YOUR INSTRUCTIONS:
Transcribe, exactly and without pictures, the lines below from the line with "The order of" to the line with "vCard 79833004066", both ends included, and no others.

PROVIDED DATA:
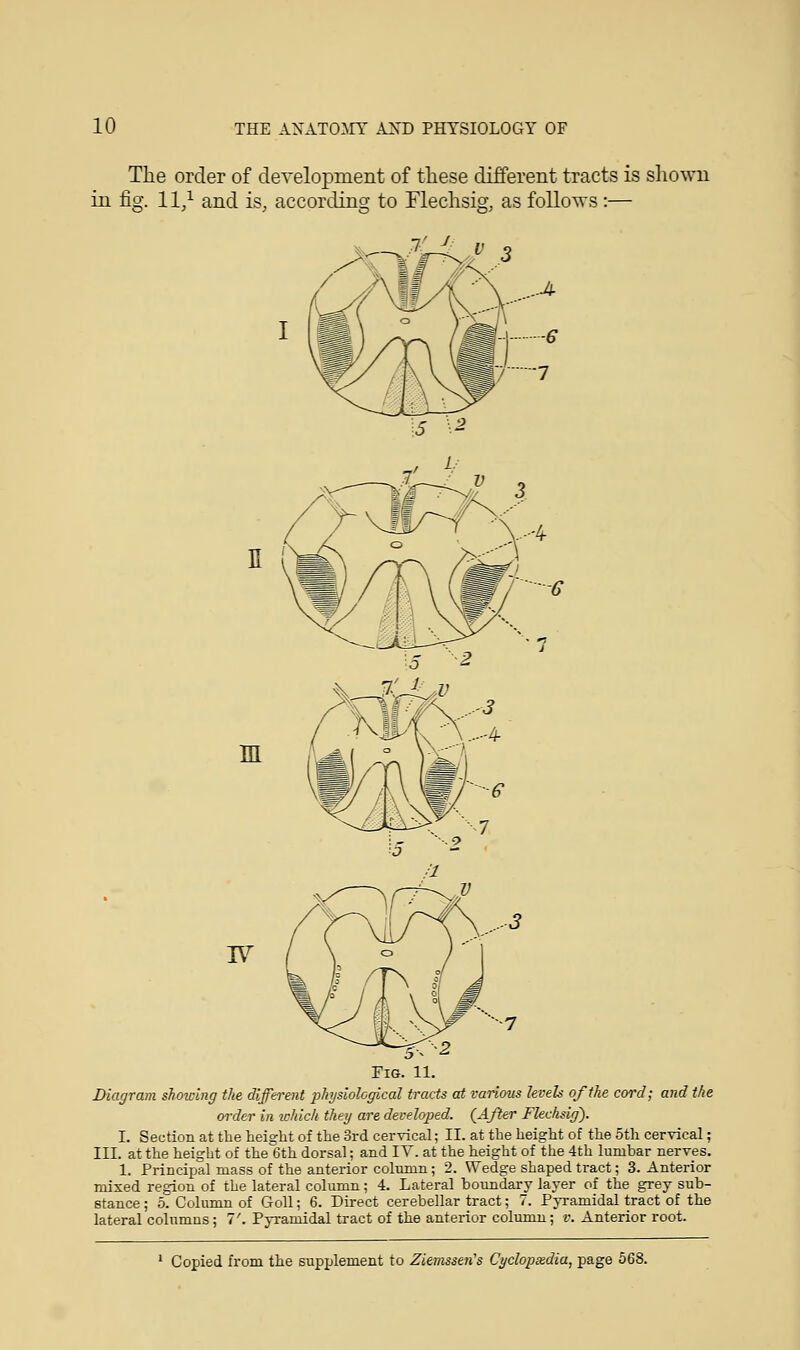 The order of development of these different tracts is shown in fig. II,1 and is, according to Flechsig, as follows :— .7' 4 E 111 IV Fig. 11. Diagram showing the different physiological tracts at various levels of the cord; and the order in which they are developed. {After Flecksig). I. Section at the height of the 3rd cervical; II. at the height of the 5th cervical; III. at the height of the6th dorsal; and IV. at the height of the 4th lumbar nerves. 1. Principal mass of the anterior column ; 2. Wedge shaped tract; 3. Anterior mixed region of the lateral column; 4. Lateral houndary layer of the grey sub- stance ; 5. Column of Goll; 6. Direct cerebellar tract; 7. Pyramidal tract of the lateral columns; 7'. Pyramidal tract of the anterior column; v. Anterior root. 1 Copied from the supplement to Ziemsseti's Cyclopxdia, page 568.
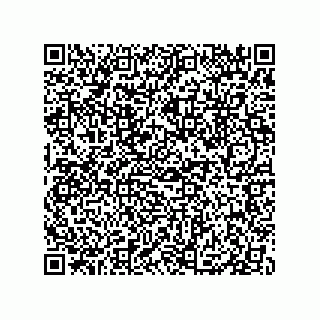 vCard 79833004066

* * *

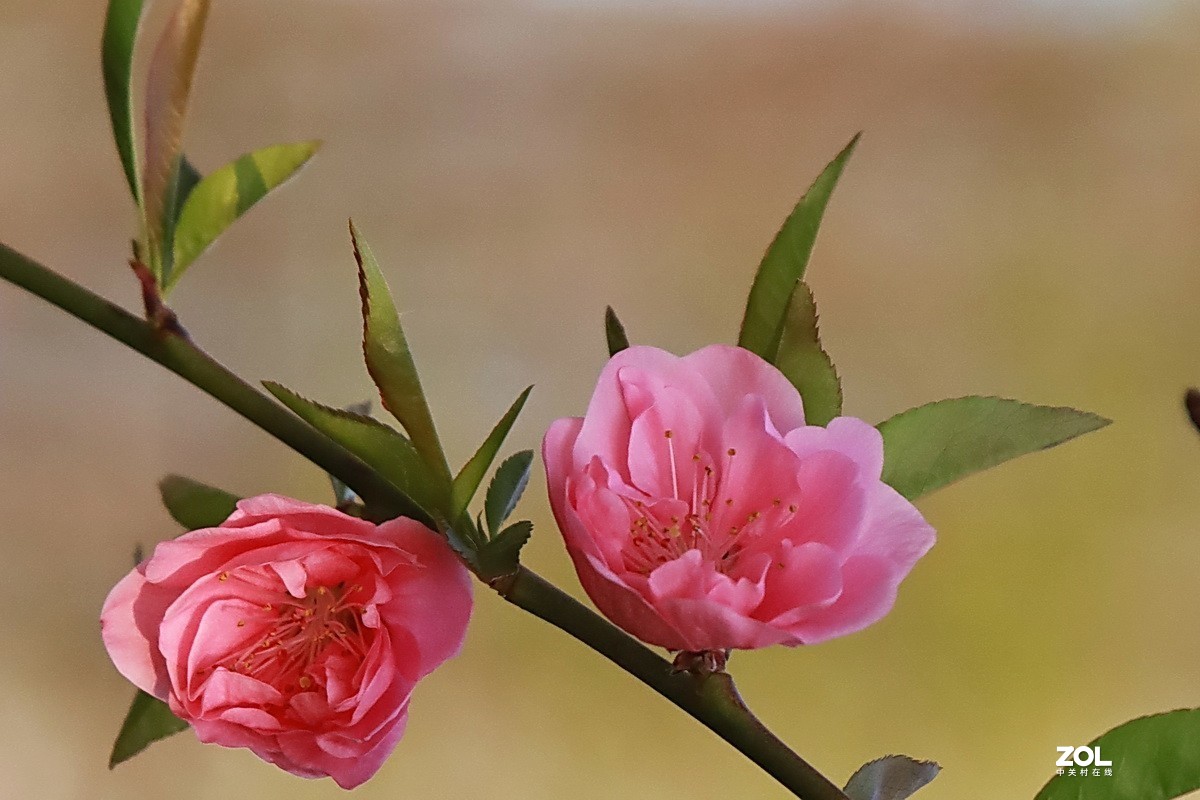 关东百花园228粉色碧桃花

RESULT OF THE EXERCISE:
 The order of development of these different tracts is shown in fig. II,1 and is, according to Flechsig, as follows :— .7' 4 E 111 IV Fig. 11. Diagram showing the different physiological tracts at various levels of the cord; and the order in which they are developed. {After Flecksig). I. Section at the height of the 3rd cervical; II. at the height of the 5th cervical; III. at the height of the6th dorsal; and IV. at the height of the 4th lumbar nerves. 1. Principal mass of the anterior column ; 2. Wedge shaped tract; 3. Anterior mixed region of the lateral column; 4. Lateral houndary layer of the grey sub- stance ; 5. Column of Goll; 6. Direct cerebellar tract; 7. Pyramidal tract of the lateral columns; 7'. Pyramidal tract of the anterior column; v. Anterior root. 1 Copied from the supplement to Ziemsseti's Cyclopxdia, page 568.
 vCard 79833004066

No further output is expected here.